Frankly, this was a waste of time because our three owners were not on the same page with our goals and were preoccupied with the day-to-day of our growing business.

Additionally, in the early 2000’s we investigated an employee stock ownership plan and eventually used a management buyout to transfer the stock of three owners to the fourth generation team of five senior managers.

Although I had an authentic experience in the trenches, I didn’t become an exit planner until I went through several years of training, certification and began implementing customized exit plans while navigating business owners to their desired result.

As an exit planner, I’m trained as a process consultant to move an owner’s goal into a matching path that meets their financial target.
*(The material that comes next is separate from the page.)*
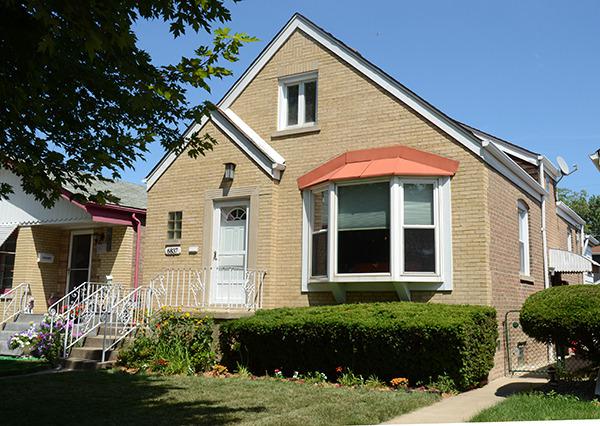 6837 S Kenneth St., Chicago, IL 60629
I’ve also worked on plans to replace the owner, coordinate the moving parts to protect his or her wealth, and reduce their taxes and risk with a comprehensive, holistic result.

Through an extensive process, we begin by establishing the owner’s goal while reviewing and analyzing scattered pieces of information. We consolidate it into one document that coordinates all of the salient parts of the owner’s life to meet their desired outcome. This process can be compared to building a house with an architect’s design whose blueprint coordinates all the subcontractors. The exit plan is analogous to the architect’s blueprint.

In a separate execution phase, the exit planner can implement the exit plan (like a construction manager) and take the role of quarterback to coordinate different disciplines and professional advisers. That includes attorneys, accountants, estate planners, insurance advisers, financial planners, business consultants and others with the production to execute the exit plan.

In my own business exit, our team reactively explored each exit path with well-meaning professional advisers providing us fragmented information. There was no overall holistic directions that connected the isolated silos of information in a clear, concise, coordinated format. The inefficiencies cost our team and company additional time, disappointment and money.

You, the owner, may feel a little disjointed with the different discussions among your advisers. Many times the conversations are focused in their transactional space and key area of practice providing one fragmented aspect of an exit plan. Not a holistic solution coordinating and encompassing all the following disciplines:

1. If you’re asking what will happen to your business stock and family if you die unexpectedly — particularly if the conversation is couched in terms of a buy-sell agreement — you’re discussing contingency planning (which is an important part of a comprehensive exit plan). 

2. If you’re discussing the timing of your business’s sale, strength of the cash flows and business value drivers, you’re having a business planning discussion in anticipation of selling the business (another important component of a complete exit plan). 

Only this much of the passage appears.